The cartoon is … well, it’s a mix of things, really. We get the moral story episodes, albeit usually slightly twisted because despite him being more sympathetic and now really an anti-hero, BJ is still not that great a person – except when it comes to his friendship with Lydia, but she’s really a morality pet of the highest degree. But yes, the show can be a mix of things, from half hour long episodes, to shorts, to even a take off of Pee Wee Herman at one point. It brought in a lot of original characters, and really help to… increase the scope of the Neitherworld, and the little we knew of it from the original movie. Though what we know may make us question – on the odd occasion – why BJ was so desperate to get out…
Tim Burton stayed on as a producer for the cartoon, and his influence can definitely be seen, especially in one particular character; Prince Vince. Who is pretty much… Victor from Frankenweenie with some Victor from Corpse Bride, but he out dates the two. Well, not the Frankenweenie Victor, but I’m relating the appearance more to the newer Disney movie than the original short. The Burton presence is also pretty clear in the designs, lots of stripes and spirals which does make for a visually interesting landscape in the cartoon.
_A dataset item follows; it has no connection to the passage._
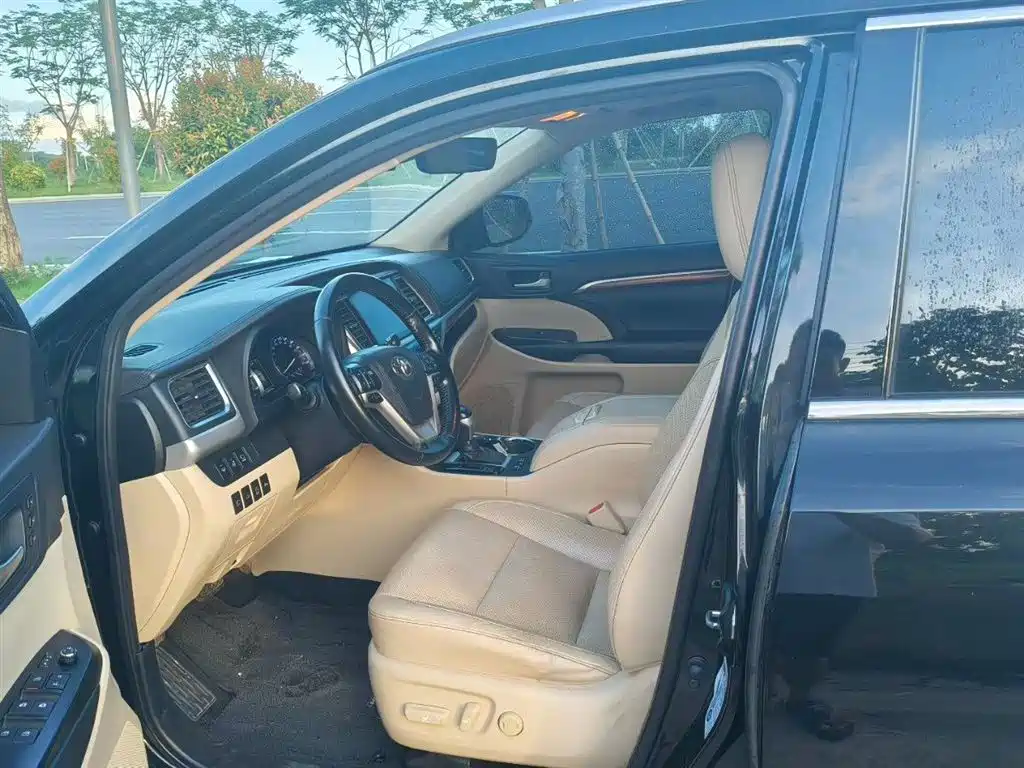 Toyota Highlander 2019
One of the fun things? This show gave the distinct feeling that it was the radar, and just waved as it passed it by. That’s not to say it was incredibly explicit; no it was, after all, primarily for a younger age group, but there were many moments in which someone older could sit down and have a silent chuckle as the joke went straight over the young audience’s heads. This really was one of my favourite cartoons growing up, but then again I’ve always been a bit into the strange and unusual, and this cartoon can really fit those categories.
So is it worth re-watching? Actually, I’m going to say yes, but probably not too often. Not because you wouldn’t like it, but because all good things are meant to be savoured. Plus, for a kid’s cartoon, there’s actually kind of a lot of it, having five seasons an’ all, so that’s an aspect also to be considered. Check out the adventures of the ghost with the most, you’ll find it frighteningly good.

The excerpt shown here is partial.